# WTB Tricycle Wheels



## Talewinds (Feb 23, 2011)

Looking for (2) rear wheels for a 30's tricycle. Specs:

8" to 8-1/8" diameter rims.
Does not need to have the CAB tires intact.
12 spoke preferred.
Looking for the type with traditional spokes/nipples and cast hubs.

(not the newer integral spokes and stamped/formed hubs)

PM me with any leads, thanks!


----------



## scrubbinrims (Feb 23, 2011)

Try these guys:

http://www.speedwaymotors.com/Blue-Diamond-Hamilton-Pedal-Car-Parts.html

The site isn't helpful, but I have seen thier catalog from a tricycle collector and it had some tricycle stuff...reproduction of course, if you cannot find exactly what you need.


----------



## Talewinds (Feb 23, 2011)

Thanks for the lead Scrubbinrims, but no luck 
Also struck out at tricyclefetish.com


----------



## Gordon (Feb 23, 2011)

I may have an extra pair, give me a day or two to dig them out.


----------



## Talewinds (Feb 23, 2011)

Gordon said:


> I may have an extra pair, give me a day or two to dig them out.

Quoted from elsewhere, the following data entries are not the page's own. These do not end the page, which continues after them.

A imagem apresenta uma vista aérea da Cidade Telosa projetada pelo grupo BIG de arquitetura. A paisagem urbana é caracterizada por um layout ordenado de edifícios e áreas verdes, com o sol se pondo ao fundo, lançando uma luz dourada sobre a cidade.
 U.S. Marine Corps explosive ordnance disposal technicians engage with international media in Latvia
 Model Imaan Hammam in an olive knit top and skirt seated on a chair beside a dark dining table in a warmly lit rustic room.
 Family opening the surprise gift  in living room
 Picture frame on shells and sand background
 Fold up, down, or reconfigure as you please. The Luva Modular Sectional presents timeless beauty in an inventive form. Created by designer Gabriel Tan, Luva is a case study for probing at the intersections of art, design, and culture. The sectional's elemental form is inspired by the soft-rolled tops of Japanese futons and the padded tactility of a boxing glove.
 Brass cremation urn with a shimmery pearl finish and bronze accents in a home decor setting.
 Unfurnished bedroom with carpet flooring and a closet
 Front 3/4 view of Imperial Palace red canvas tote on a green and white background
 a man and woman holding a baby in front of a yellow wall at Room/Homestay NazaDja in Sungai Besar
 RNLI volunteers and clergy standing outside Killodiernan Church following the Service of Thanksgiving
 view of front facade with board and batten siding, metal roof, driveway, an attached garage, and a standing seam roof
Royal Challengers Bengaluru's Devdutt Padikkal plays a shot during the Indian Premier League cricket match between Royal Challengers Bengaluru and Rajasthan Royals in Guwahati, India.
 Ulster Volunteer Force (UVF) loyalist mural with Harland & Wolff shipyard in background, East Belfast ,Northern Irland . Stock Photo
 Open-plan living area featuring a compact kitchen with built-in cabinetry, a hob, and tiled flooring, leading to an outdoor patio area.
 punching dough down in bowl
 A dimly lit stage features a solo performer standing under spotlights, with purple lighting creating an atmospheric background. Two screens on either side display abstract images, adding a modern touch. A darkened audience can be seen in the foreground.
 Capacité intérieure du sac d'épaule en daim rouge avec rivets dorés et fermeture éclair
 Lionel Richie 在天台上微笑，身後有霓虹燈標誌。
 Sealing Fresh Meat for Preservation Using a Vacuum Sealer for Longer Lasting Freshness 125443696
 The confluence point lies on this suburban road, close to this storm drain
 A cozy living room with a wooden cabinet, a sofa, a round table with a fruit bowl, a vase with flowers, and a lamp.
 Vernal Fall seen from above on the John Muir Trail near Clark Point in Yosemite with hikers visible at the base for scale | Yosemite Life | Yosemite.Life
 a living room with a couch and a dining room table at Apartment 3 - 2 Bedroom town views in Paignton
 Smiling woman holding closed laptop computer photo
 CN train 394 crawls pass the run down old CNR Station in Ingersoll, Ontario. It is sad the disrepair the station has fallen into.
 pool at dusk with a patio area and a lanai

That would be SOOOOOOOO cool!


----------



## Gordon (Feb 24, 2011)

Sorry, they are larger than I remembered. They have a diameter of about 12 1/2 inches.


----------



## Talewinds (Feb 24, 2011)

GGGAAAAAHHH! Thanks for looking Gordon.

My search continues.....


----------



## spook1s (Mar 25, 2011)

Bumped it for ya!!!


----------



## Talewinds (Mar 25, 2011)

Thank you! Still looking..........


----------



## spook1s (Mar 26, 2011)

What about  rideahiggins  ad? He recently found a load of wheels! Might have something for you in all of them?


----------